Herta Susi Anneliese Stein
Born in Charlottenburg, Berlin. Athlete in the 1936 Olympics Opening Ceremony. First wife of Dr. Peter R. Hofstätter. Mother of Nadina.
Focus
Mother of Nadina Hofstätter Goodman
Born in Charlottenburg, Berlin
Participated in the 1936 Berlin Olympics opening ceremony
First wife of Dr. Peter R. Hofstätter
Charlottenburg, 1923
Herta Susi Anneliese Stein was born on August 10, 1923, in Charlottenburg, a prosperous residential district in western Berlin. Her father, Leo Stein (formerly Kaminski), was 38 years old at the time of her birth. Her mother was Frieda Ottilie Erna Kaden.
Charlottenburg in the 1920s was the cultural heart of Weimar Berlin, home to the Deutsche Oper, the Technische Hochschule, and the grand Kurfürstendamm boulevard. Growing up in this district during the Weimar Republic meant witnessing both the artistic flowering and the political convulsions of interwar Germany firsthand: the hyperinflation of 1923, the brief golden age of the late '20s, the street violence of the early '30s, and Hitler's rise to the Chancellorship in 1933.
The 1936 Olympics
Herta was a talented young athlete, and family lore recalls that "Grandma Susi" participated in the 1936 Berlin Olympic Games as a teenager.
The 1936 Berlin Olympics opened on August 1, 1936, at the Reichssportfeld before 110,000 spectators. That evening, the regime staged an elaborate production called the "Festspiel Olympische Jugend" (Festival Olympic Youth), a theatrical spectacle involving thousands of young German athletes. The program included 2,500 girls aged 11-12 in the first act and 2,300 girls aged 14-18 in the second act, performing choreographed athletic demonstrations with balls, hoops, and clubs. Music was composed by Carl Orff and Werner Egk. The 500 boys in a later act formed the five Olympic rings in a living tableau.
Herta would have been twelve years old that summer, fitting precisely into the age cohort recruited for the opening festival. Her family remembers her running hurdles as part of the choreographed athletic displays, one of thousands of young Berliners performing for the cameras of Leni Riefenstahl.

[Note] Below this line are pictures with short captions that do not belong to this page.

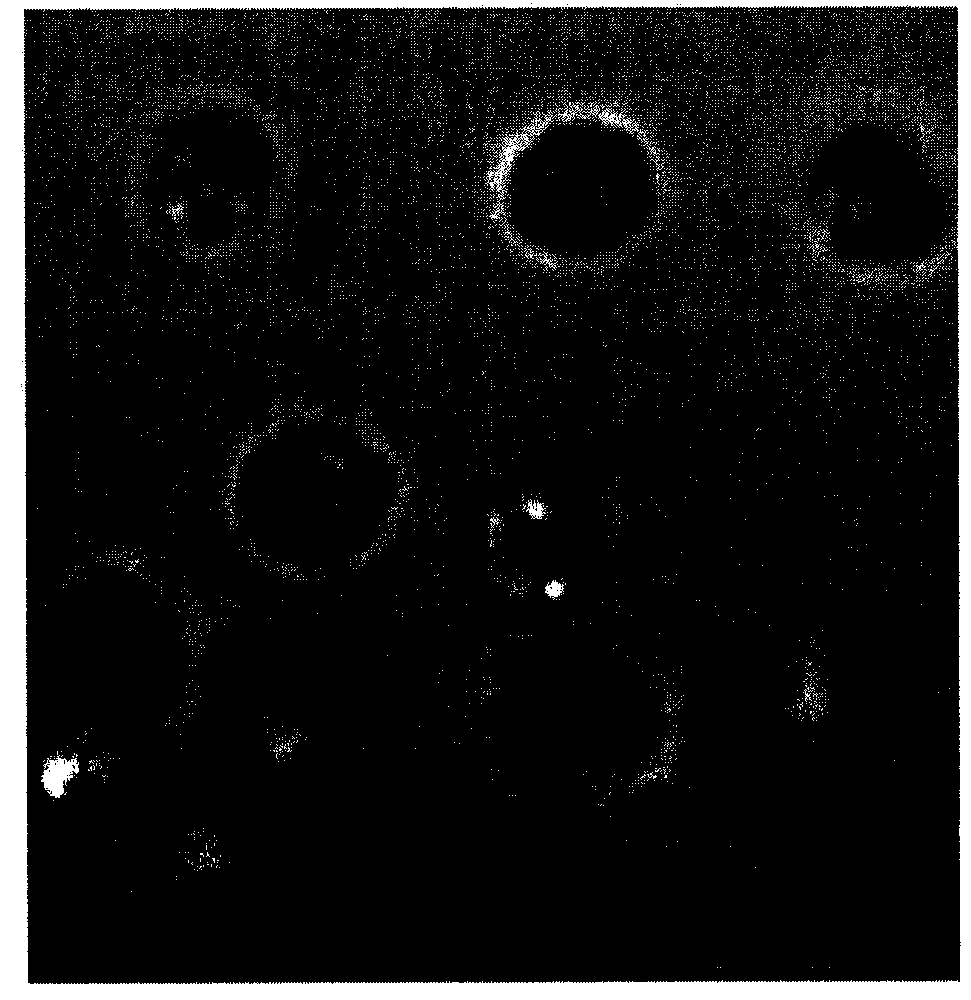 Method for promoting the massive accumulation of high unsaturated fatty acids in Nannochloropsis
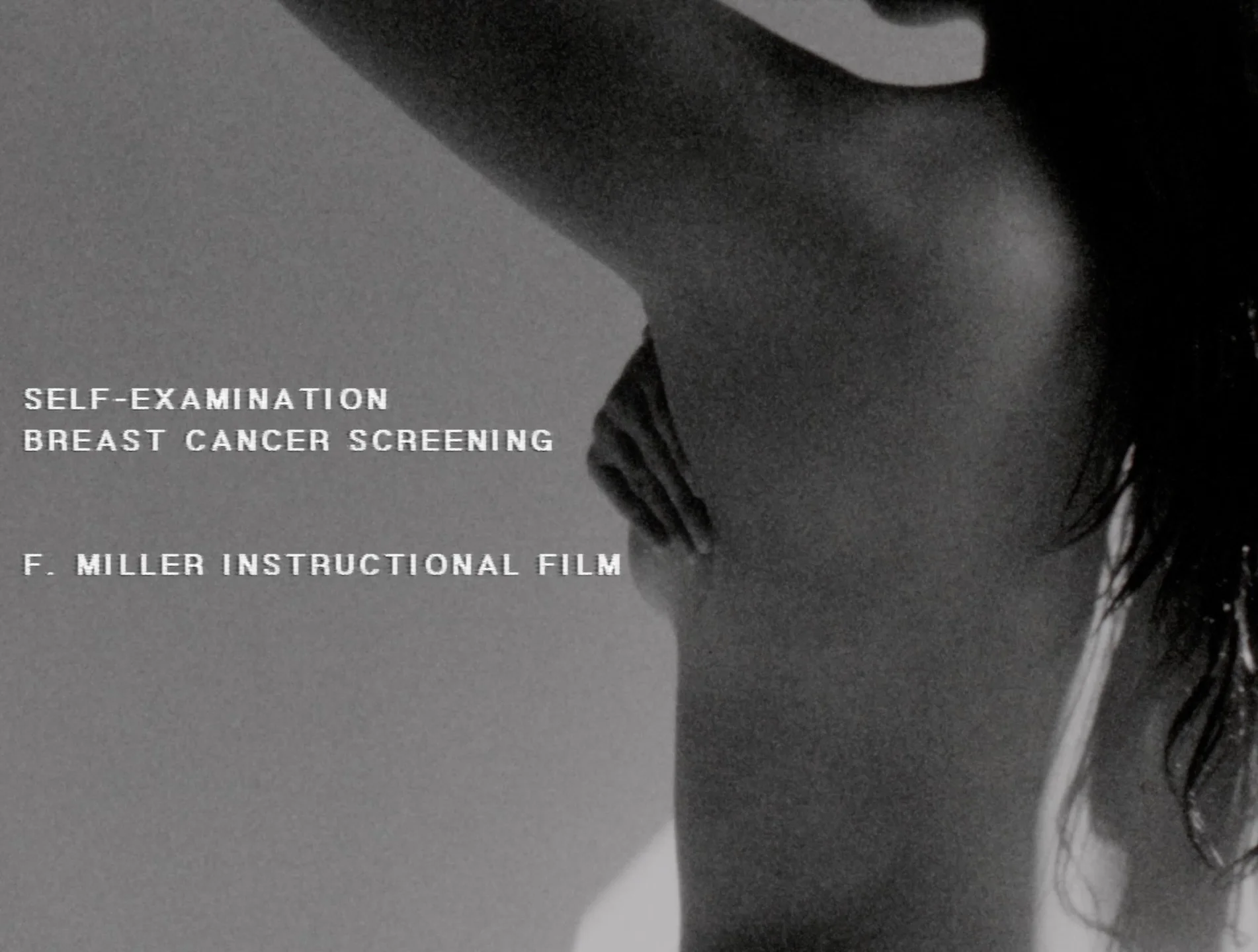Self Examination - Breast Cancer Screening, an F. Miller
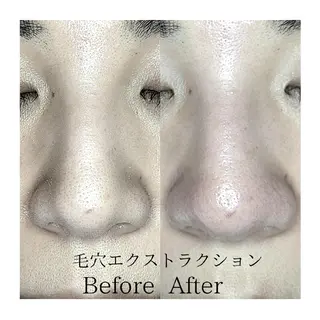  毛穴洗浄・まつ毛 の専門店 ソラーレのエステ・リラクイメージ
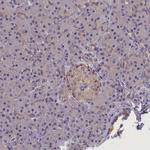 SUR1 Antibody in Immunohistochemistry (IHC)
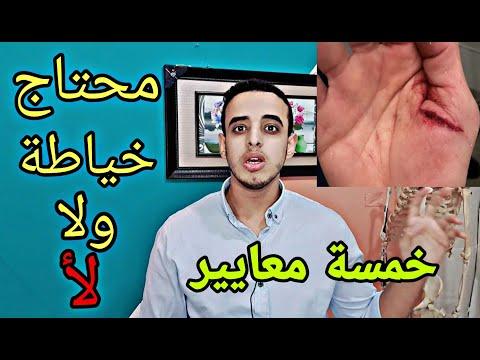 كيف تعرف إذا كان الجرح يحتاج خياطة أم لا؟ 5 علامات ستساعدك على اتخاذ القرار 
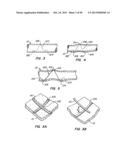 ENDOLUMINAL FILTER diagram and image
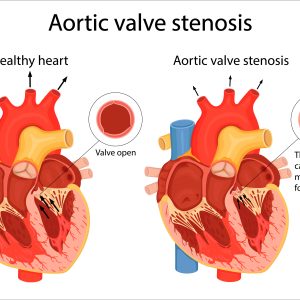 Aortic Stenosis: Understanding a Major Heart Condition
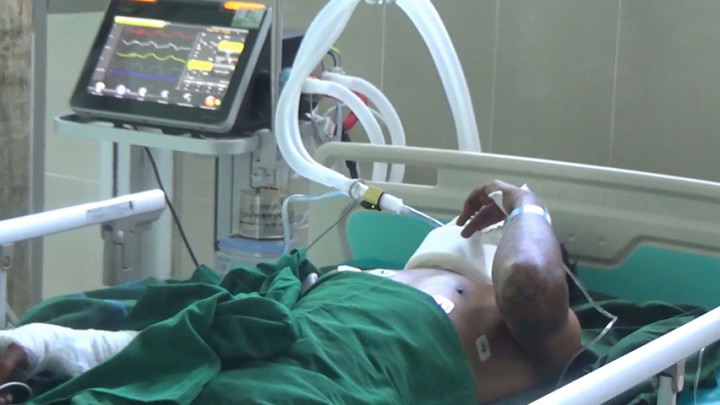 Kesal Motor Rusak Usai Dipinjam, Pria di Tapanuli Bakar Temannya Sendiri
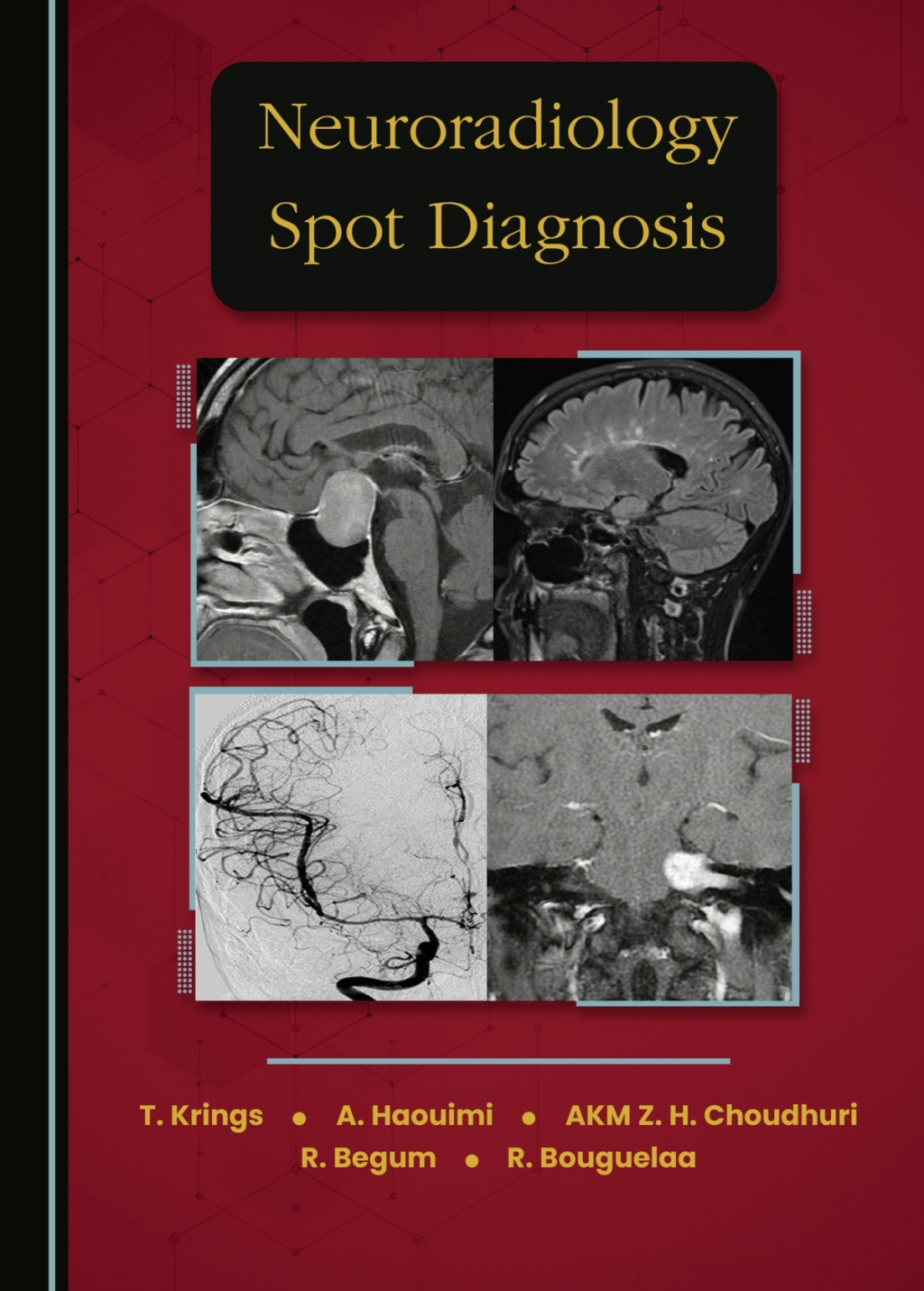 Neuroradiology Spot Diagnosis 1st Edition â€“ PDF/EPUB Version Downloadable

[GED]GED — Genealogy DatabaseGEDCOM Master File: William Erastus PlattMarriage and Wartime
On March 7, 1942, in the middle of the war, Herta married Austrian psychologist Dr. Peter R. Hofstätter in Hamburg, Germany. Peter was 28; Herta was 18. At the time of their marriage, Peter was serving in the Wehrmacht as a military psychologist, a role he had entered after emigrating from Austria to the United States in the late 1930s and then returning to Europe.
The couple lived through some of the most devastating years of the 20th century together. Hamburg, where they married, was subjected to Operation Gomorrah in July 1943, a week-long firebombing campaign by the Allied forces that killed over 37,000 civilians and left much of the city in ruins. Whether the young couple was still in Hamburg at the time is unclear, but the destruction of the city where they began their married life would have been deeply personal.
Raising Nadina
In 1947, Herta gave birth to her daughter, Herta Ingeborg Nadina Hofstätter, in Austria. Herta raised Nadina through the difficult years of post-war reconstruction, as Peter rebuilt his academic career. He emigrated to the United States in 1949 on a Rockefeller Fellowship to Clark University, then moved through several American university positions before accepting the prestigious Chair of Psychology at the University of Hamburg in 1959.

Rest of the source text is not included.